Представьте, что главный герой этой неожиданной постановки — робот. Нет, не артист в костюме с несгибающимися конечностями, а самая что ни на есть натуральная роботизированная техника. Да-да, мощный агрегат из нескольких частей — цоколь, несущая конструкция, детали, вращающиеся на пневматике. Черт-те знает из чего еще состоит металлический «монстр», что движется по сцене. Вид его вызывает и опасения, и любопытство одновременно. Он пугающе вращает всеми деталями, как в масле скользит по сцене и временами смахивает на динозавра с маленькой умной, судя по действиям, головкой и ровной геометрией «тела». Словом, терминатор из фильма ужасов: ничего округлого, ничего личного, никаких эмоций — сплошной прямолинейный интеллект.
Два типа — офисный планктон чистой воды — пытаются вступить с агрегатом в связь: вербальную, физическую, но без особого успеха. Тщетность мужской пары в черно-белой паре же (темные брюки, белоснежная рубашка и узкие пижонские галстучки) видна с последнего ряда.
Что ни говори, а другой театр — прекрасен, удивителен и хитроват. Для него не существует жанровых границ, он их нарочито игнорирует. Он, похоже, не задается вопросами: «А так можно? А такое сочетание допустимо?» Но от свободы вне правил и традиций получается совершенно неожиданный результат — по пластике, ритму, идее. Плоть и бездушный механизм во взаимодействии, рядом и без текста рождают многосмысловую метафору. Схватка интеллекта и эмоции, живого и неживого, новых технологий и трепетной клетки. Кто побеждает? За кем выбор? «Беспредметно» дает недвусмысленный ответ.
Происходившее на сцене Театра наций можно рассматривать и как суперинсталляцию верных последователей супрематизма — завораживает формами и жестким ритмом автоматических движений. Это и, безусловно, цирк, если следить не за конструкцией, а за офисной парочкой, которая пытается приспособиться, подстроить свои тела к агрегату. Оливье Аленда и Оливье Буайе делают это виртуозно и с юмором: ребята потрясающие акробаты. Они не прыгают, не подлетают с доски — телами они ведут диалог с ужасной машиной, как с живым существом. Как? Надо видеть, но благодаря именно им действительно начинаешь смотреть на машину как на некое существо, от которого либо надо спасаться, либо дружить с ним, чтобы выжить.
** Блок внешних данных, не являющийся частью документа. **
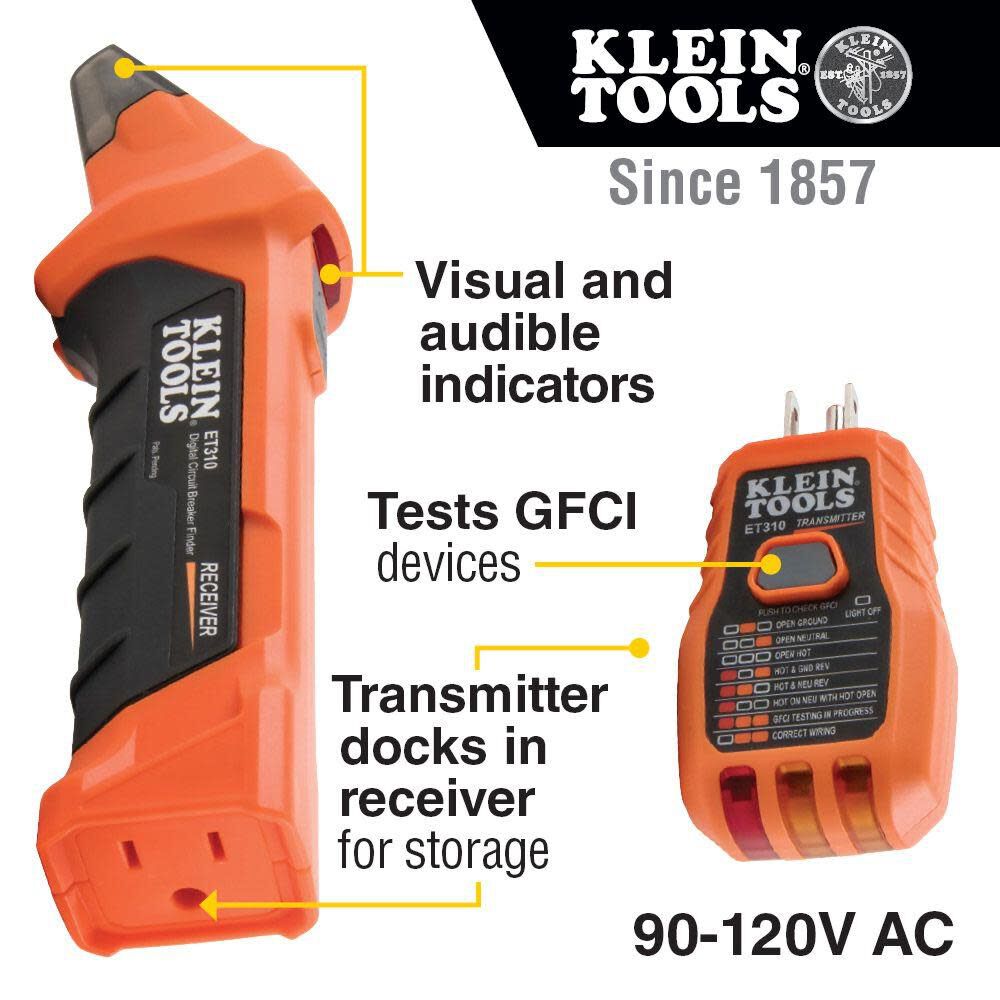 Klein Tools Digital Circuit Breaker Finder ET310 from Klein Tools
А дитя прогресса явно превосходит человеческие создания, всем своим металлически-невозмутимым видом транслируя в зал наши вялые перспективы. К счастью, пока он остается фактом искусства, и искусства с безупречным вкусом — аскетичные свет и музыкальное оформление только усиливают впечатление от беспредметного. Хитрят создатели спектакля — предмет для разговора очень серьезный. И о перспективах искусства и человечества.
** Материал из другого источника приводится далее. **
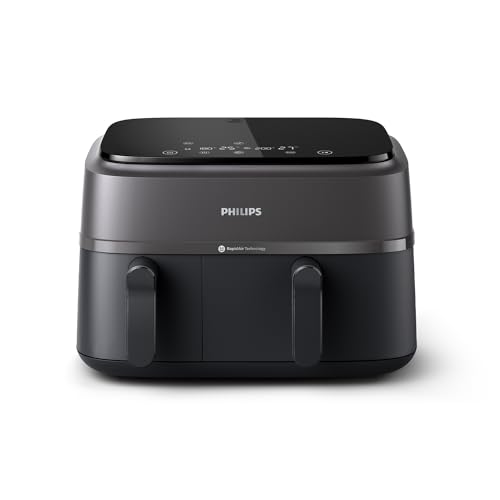 Beztłuszczowa Frytkownica PHILIPS 3000 NA350/03 AirFryer 2750W 9L Dual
Беспредметное и непривычное действие покинули не более двадцати человек из всего большого зала, явно не смирившись с попранием театральных норм. Зато несколько детей, что пришли с родителями, просмеялись почти весь спектакль. Оставшиеся, то есть те, что полтора часа провели в тишине от удивления, в финале разразились аплодисментами. Но все были уверены в одном — на поклон вместе с артистами, постановщиком и инженером, что за кулисами управлял страшным механизмом, выплывет и он сам, вращая автоматическими глазами. Увы, вот политес разводить он не смог.
После спектакля постановщик спектакля Орельен Бори весел и доволен приемом. В Москве, говорит он, отлично понимают язык странного театра, круто замешенного на цирковых дисциплинах и использовании новых технологий. Франция в этом деле пока впереди всех.
— Орельен, что это за инженерная разработка? Где заказывали конструкцию? — спрашиваю веселого француза.
— Вообще не заказывали. Мы его по случаю купили на автомобильном заводе. Между прочим, он не списанный, он работал.
— А как же вы с ним репетировали?
— Вот это было самое сложное. Очень долго приспосабливали трюки, чтобы связать все это в единую драматургию.
— Вам это вполне удалось. Вы укротили агрегат.